Cette approche peut nous aider à comprendre ce qui se joue entre les parties : sur le plan relationnel, émotionnel et cognitif par exemple, et pas seulement sous l’angle juridique ou économique. Dans le cadre amiable, le débat, la discussion, ne peuvent pas être juridiques et ces grilles d’analyses sont donc très riches. Pour moi, il faut développer la formation aux outils de la systémique pour aider les juges à faire évoluer le litige compris comme « un système », celui des relations entre les parties, qui inclut leur vision du juste, leurs relations avec leurs avocats, mais aussi par exemple avec leurs associés ou les autres membres de la famille…

Car finalement, un litige, c’est un petit système relationnel qui s’est figé. L’enjeu est de faire évoluer certains éléments pour faire émerger une solution, de l’intérieur ou de l’extérieur. Face à système de relations, qui tente de se maintenir dans son état initial puisque les parties campent sur leurs positions, il va falloir faire évoluer certains aspects à l’intérieur même du litige pour que la solution puisse se mettre en place. Et cela, c’est une technique à laquelle sont formés les psychologues familiaux, pas les praticiens du droit.
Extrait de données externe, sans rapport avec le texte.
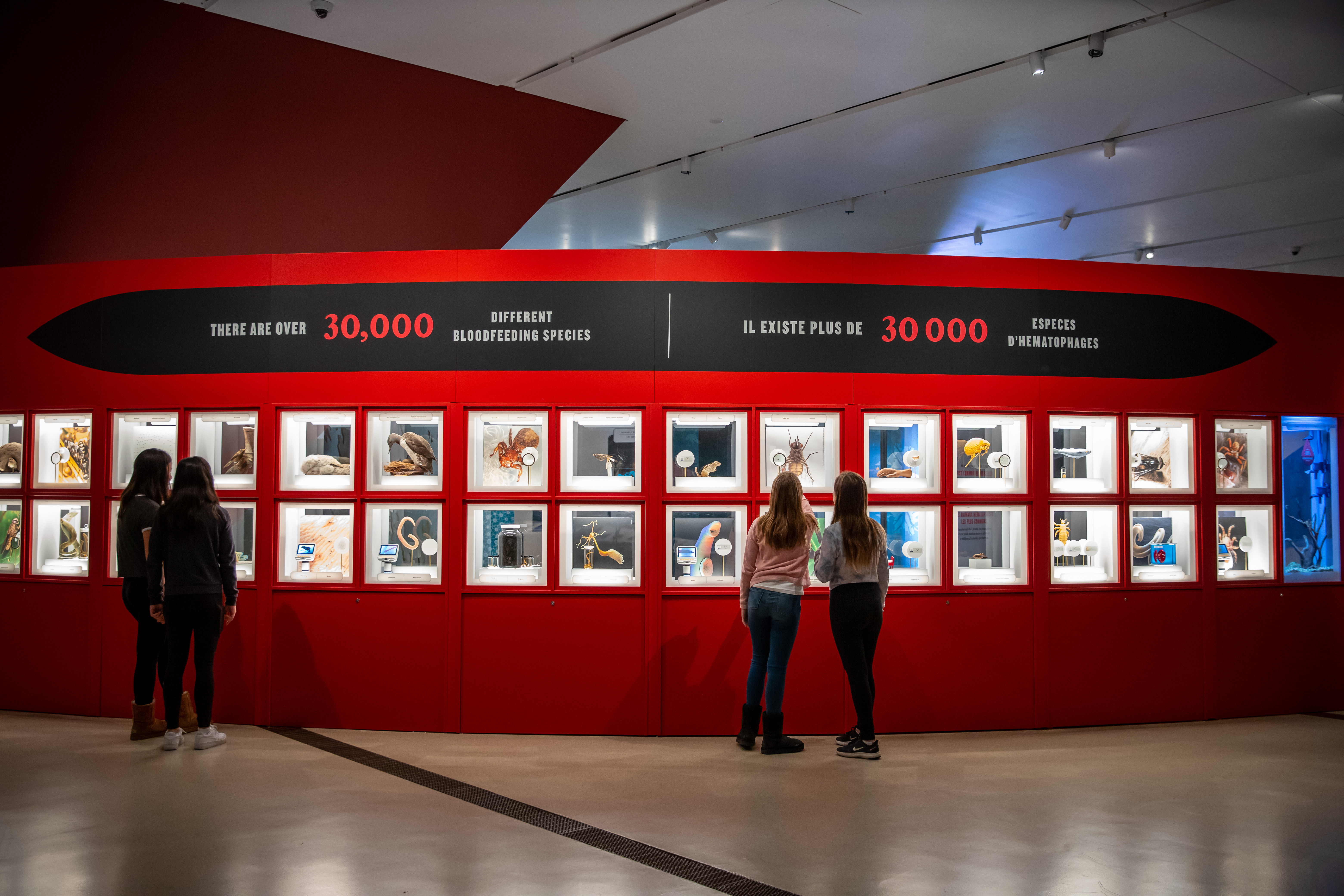 Visitors looking at a wall of different Bloodsucking species.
JSS : Outre le juge, les parties n’ont-elles pas un rôle à jouer, elles aussi ?

O.M. : Justement, selon moi, l’ARA est aussi une façon de replacer les parties en responsabilité. Elles doivent être actrices de la solution.

Dans un dossier civil, où le litige est l’objet des parties, par principe, on est en droit de se demander si ce n’est pas aussi à elles de régler « leur » problème. Et si l’accès au juge est une garantie démocratique, cela ne les dispense pas de contribuer à la résolution du litige. Le droit d’ester en justice ne doit pas être une sorte de « droit de tirage », où les premiers concernés se désinvestissent du litige, en attendant qu’un juge tranche, à tout prix.

Je suis certaine que ce changement de méthode peut déboucher sur des décisions mieux acceptées, mieux exécutées, et aussi permettre un regard différent sur la justice.

Dans la situation qui est la leur, généralement, les parties ont saisi le juge après avoir constaté, ou estimé, qu’elles ne parviendraient pas à résoudre le problème par elles-mêmes. Trop souvent, parce qu’elles attendent de la justice que celle-ci tranche, elles se retirent du processus de décision, et ne participent donc plus à construire la solution. Les remettre au centre de ce processus de décision est une vraie perspective de progrès.